The business model around social media contributes to how unhealthy it is, Garg noted, with revenue tied more to time spent on the platform than value derived from it. It’s a sentiment echoed by Rahul Vohra, CEO of Superhuman, a startup focused on reducing time spent poring through inboxes.
“Most free apps have us as the product. You are the one being monetized,” he said. Thus, platforms aren’t optimized around providing the most pleasant and productive experience for the consumer.
Getting to healthier
Healthy, productive social media user experiences, Garg observed, tend to have a similar set of features. They are more likely to be interactive, live, in-depth and involve genuine human interaction. While you don’t need all these elements at once, generally the more the better.
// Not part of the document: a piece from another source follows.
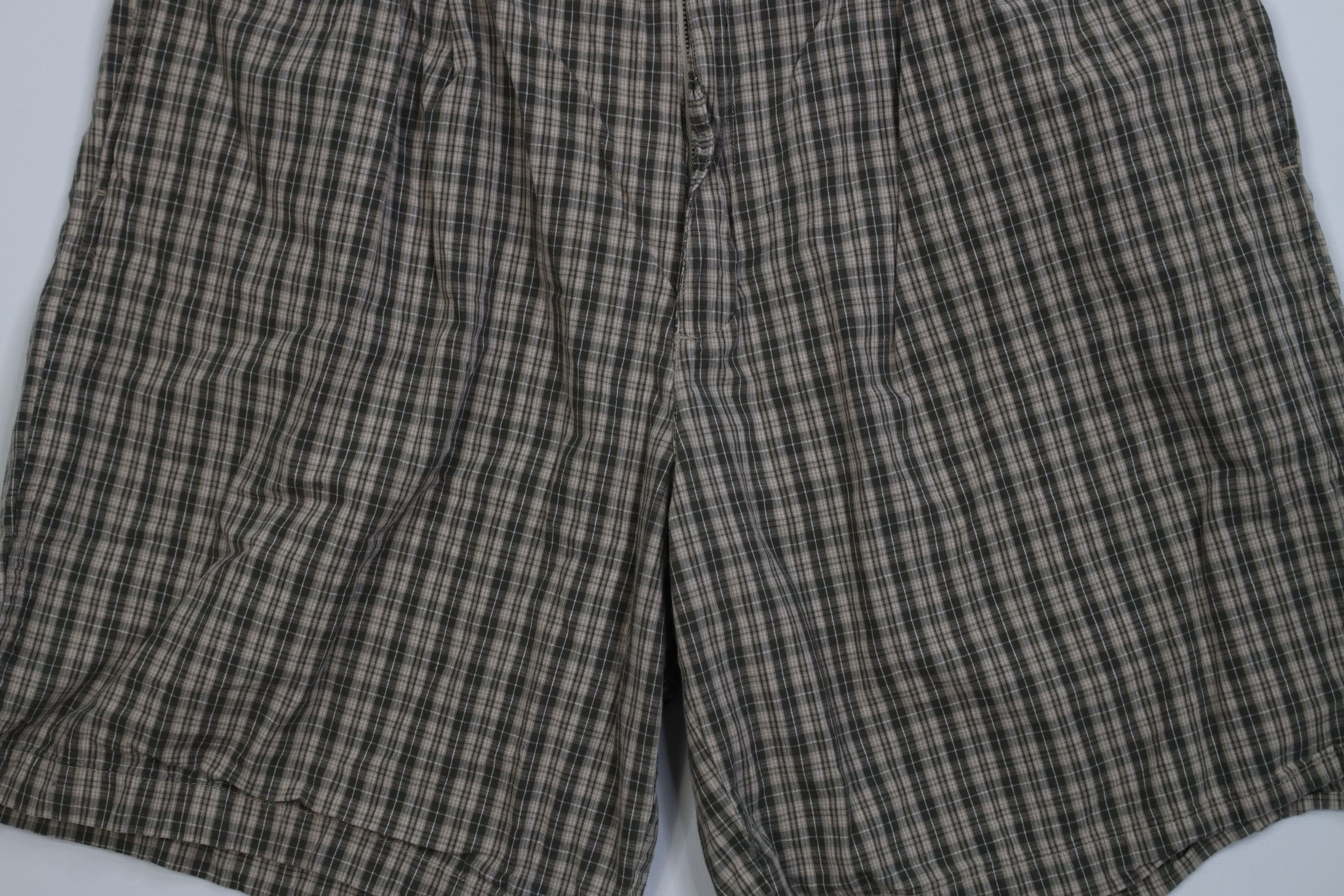 Vintage Vintage 90s Streetwear Fit Pleated Chino Shorts Plaid Size US 36 / EU 52 - 3 Thumbnail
At the moment, it’s unclear how large a role startups will play in a shift toward healthier digital and social media consumption. It’s possible to pursue healthier habits on existing social media platforms. But by the same token, investors and entrepreneurs see benefits in upstart options built from the ground up with an eye toward a more wholesome user experience.
“It’s very hard after the fact to bolt on trust and safety” Garg said, noting that a persistent issue with Facebook and Twitter is that neither were founded with a particular moral premise. It’s not that they set out with malicious intent, he added, and more that founders just put something out there to see if it would catch on.
In the startup field, Garg pointed to a number of companies that are setting out with a mission to make online social interactions more fulfilling, often with a focus on hosted forums. Others are focused on online meetings, artificial intelligence-enabled professional matchmaking, and other areas.
We list a few below, combing some of Garg’s picks and other intriguing startups from the Crunchbase dataset:
- Clubhouse, one of Garg’s picks, is an audio-based social app that allows users to spontaneously join group chats. Although it’s still in private beta testing, the year-old, San Francisco company has already raised $10 million in venture funding.
- Lunchclub, another one of Garg’s picks, uses AI to match people for one-on-one video meetings and has raised $4.6 million in seed funding.
- Hopin, the London-based live virtual events platform, reportedly hit a valuation of $2.2 billion in its last reported funding round in November.
- Run The World, a Silicon Valley-based digital event platform founded in 2019, has raised $14.8 million to date.
- Glimpse uses a speed-matching system to match users with a compatible peer for one-on-one video conversations. The San Francisco startup is backed by Y Combinator.
The pandemic accelerated changes. What lies ahead?
The habit-changing effects of the COVID-19 pandemic have been widespread in the digital realm. More of us, whether we like it or not, are using video chat and meeting apps, taking online classes, and trying to find fulfilling ways to fill our time in a world where face-to-face interaction is far more limited.
So we’re online more, and out and about less. One result, Garg observed, is that people are increasingly looking to their devices to provide a sense of human connection.
Vohra sees our current plight as raising demand for humanistic technology, which he defines as “technology that is designed to harmonize and add positivity and energy and uplift us, rather than consume us.”
How do business models work in a world of humanistic technology? Vohra said the imperative is that you don’t optimize for constant engagement.
“Instead of optimizing for the amount of time people spend on your product, you optimize for the amount of value,” he said.
Ideally, this could all lead to a world where screen time leaves us feeling refreshed, connected and informed. Of course, social platforms optimized for healthy use can only do so much on their own. We also have to use them.